■ **Given data**

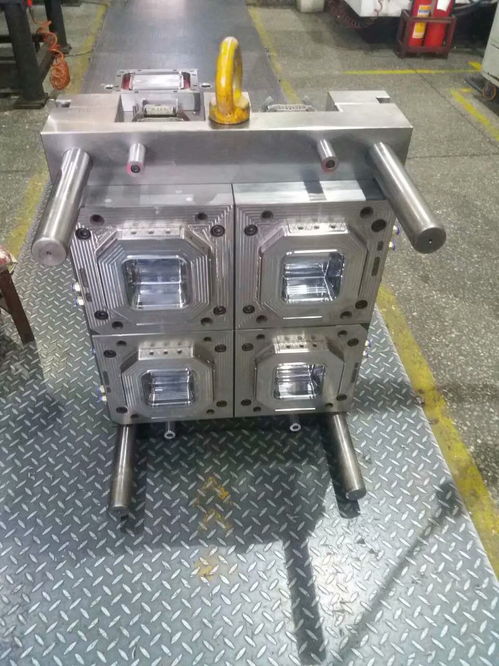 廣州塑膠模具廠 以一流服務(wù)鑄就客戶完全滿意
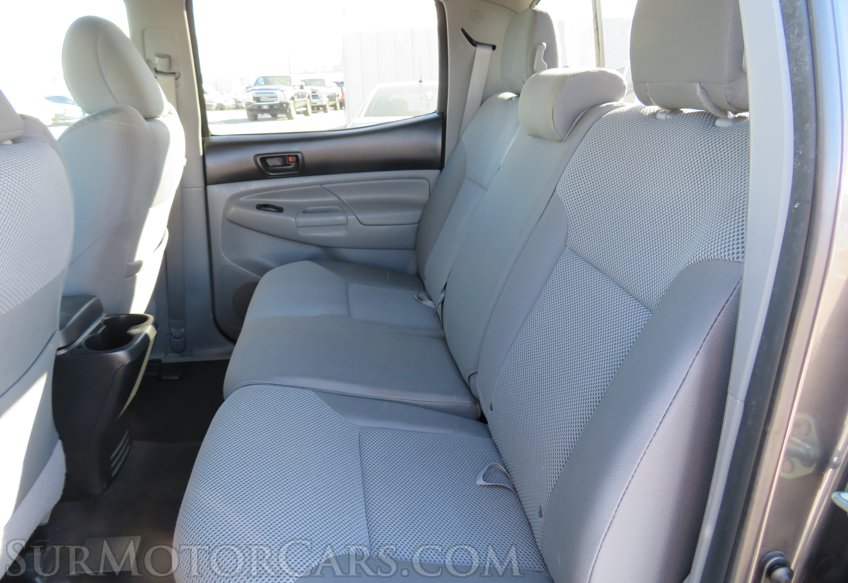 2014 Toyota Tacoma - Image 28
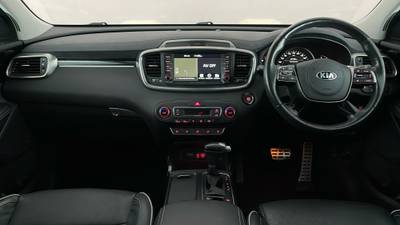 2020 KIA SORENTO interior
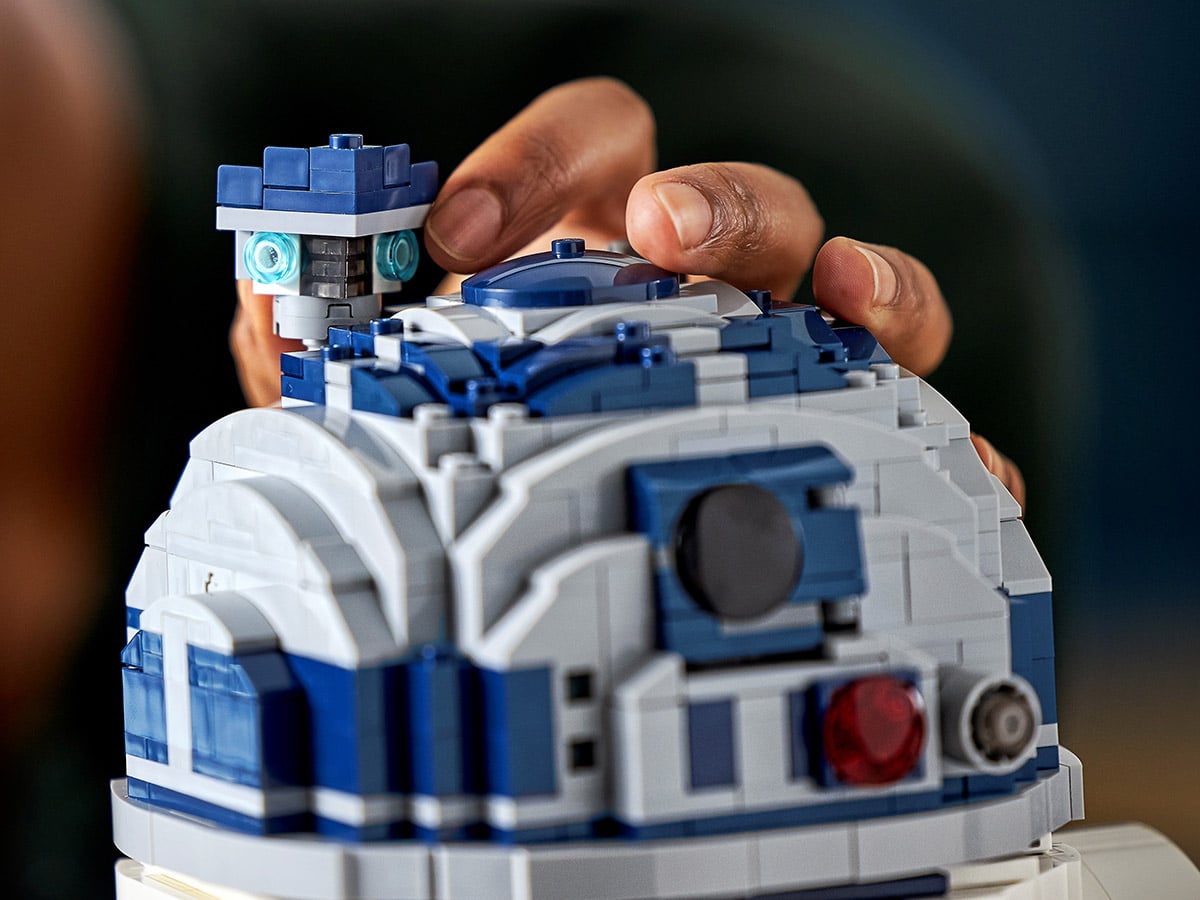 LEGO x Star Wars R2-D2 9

■ **Exercise description**
Pictures are skipped here. Print exactly, and only, the lines from the one holding "2014 Toyota Tacoma - Image 28" through the final line of the material above, both ends included.

■ **Finished task**
 2014 Toyota Tacoma - Image 28
 2020 KIA SORENTO interior
 LEGO x Star Wars R2-D2 9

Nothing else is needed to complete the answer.